In this sense, the Facebook Papers reveal as much about how social media has changed human knowledge as it does about specific company accomplishments or mistakes. They don’t tell the story of an organization on its own, like the Pentagon Papers do; they show how people within a company that makes social networks behave on a social network. (Facebook’s desperate name change yesterday to Meta seems apt enough.) In other words, the Facebook Papers are ceding a victory to Facebook over the control of public knowledge: what happened within the business, and what it means to the rest of us, has been defined by social media.

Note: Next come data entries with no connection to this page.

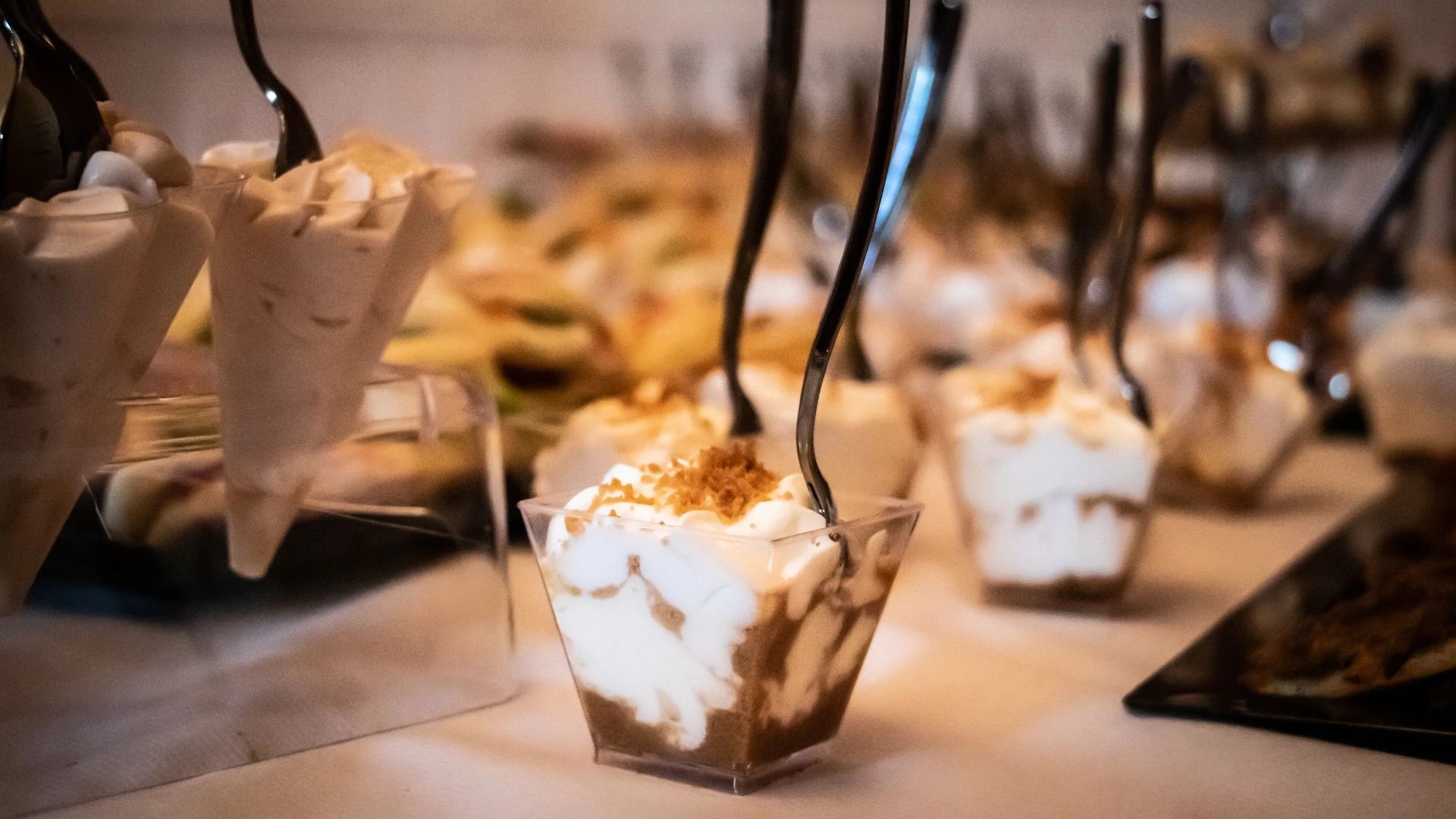 The image features a table with a white tablecloth, displaying a variety of desserts in small glass cups. The desserts include vanilla ice cream, chocolate mousse, and a dessert with whipped cream and caramel sauce. The background is blurred, emphasizing the desserts and their presentation. The image captures a moment of anticipation, with the desserts ready to be enjoyed.
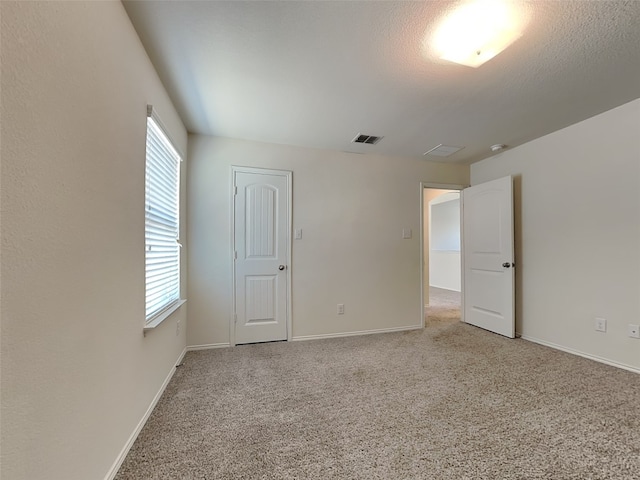 unfurnished room with a wealth of natural light, carpet flooring, visible vents, and baseboards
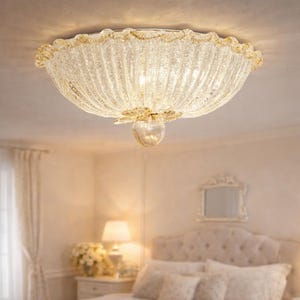 Pode incluir: Uma luminária de teto de vidro transparente com acabamento dourado e um design texturizado e canelado. A luz tem uma base em forma de flor e é montada em um teto branco. A luminária está em um quarto.
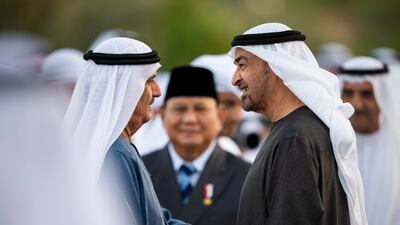 Sheikh Mohamed greets Sheikh Humaid bin Ahmed Al Mualla, as Mr Subianto watches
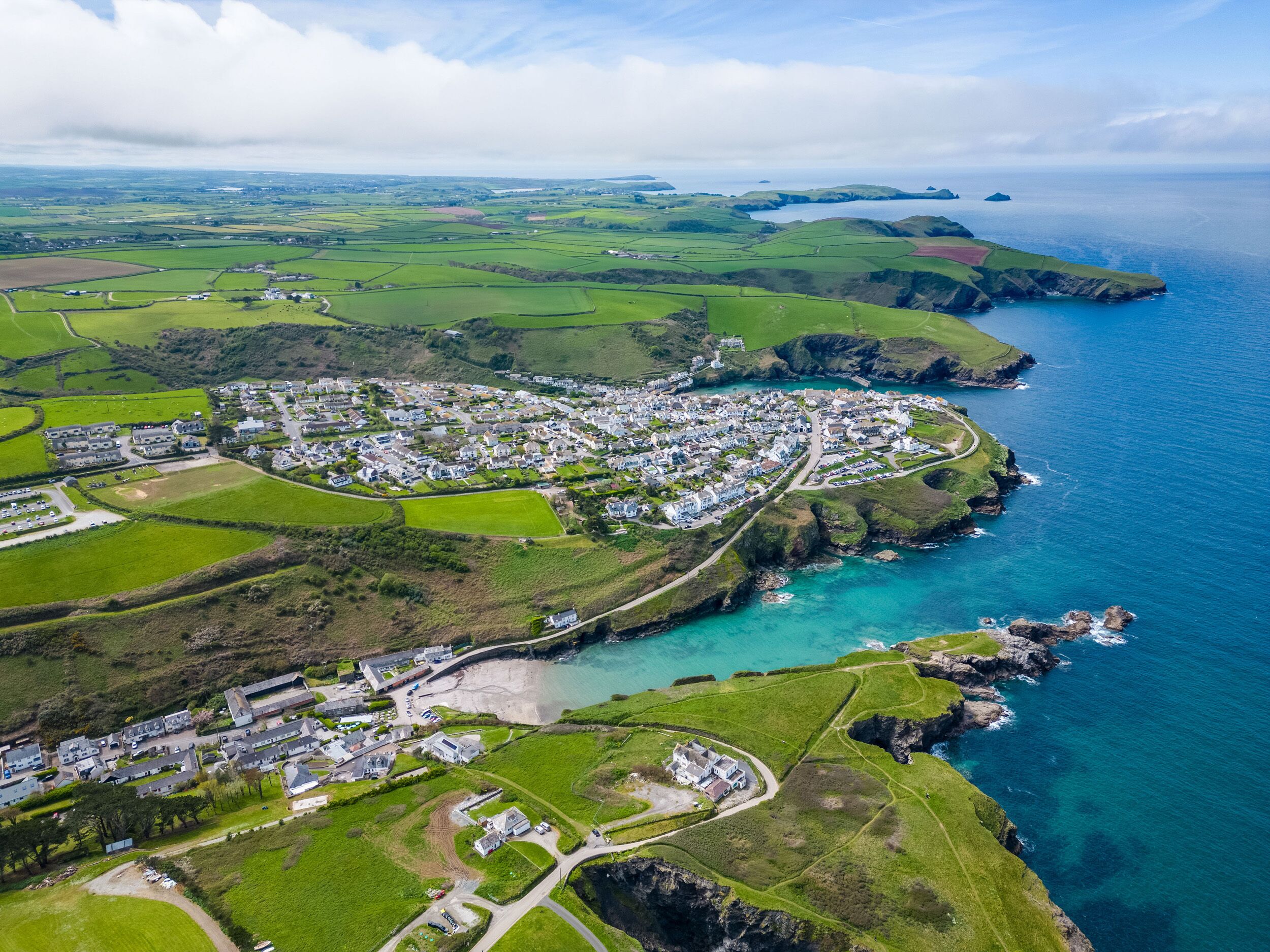 An aerial view of a coastal town with residential areas, green fields, and a coastline.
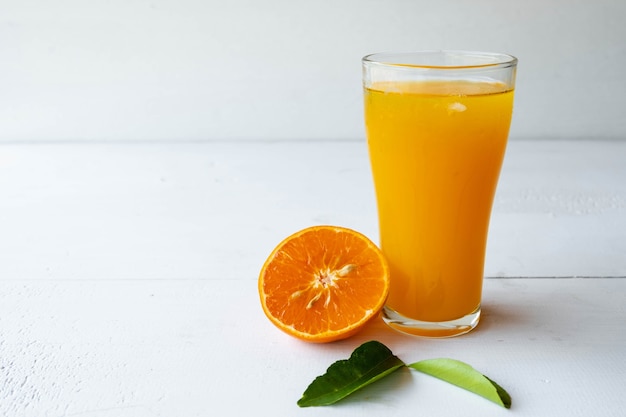 Świeżo wyciśnięty sok z pomarańczy i przekrojone na pół owoce pomarańczy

Like “nuggs” or “J-Lo”, “Pentagon papers” is a nickname. Its official title is less attractive: “Report of the Office of the Secretary of Defense Vietnam Task Force”. Daniel Ellsberg and others, working for Secretary of Defense Robert McNamara, had been asked to compile Defense Ministry documents related to Vietnam. But the group, which worked on the task for a year and a half from 1967 to 1969, did much more than that, producing a full prehistory of the conflict.

Ellsberg, working for the RAND Corporation, copied the documents to a Xerox machine and posted the report to The New York Times in 1971. The Times published some of the articles, but only as excerpts to support their report. If you read the Pentagon Papers today (they were declassified and released in full in 2011), you can, well, read them. They contain arguments and explanations in prose; they are organized in volumes with a deliberate structure. The report’s authors called it a “document-only story – checked and rechecked with ant-like diligence.”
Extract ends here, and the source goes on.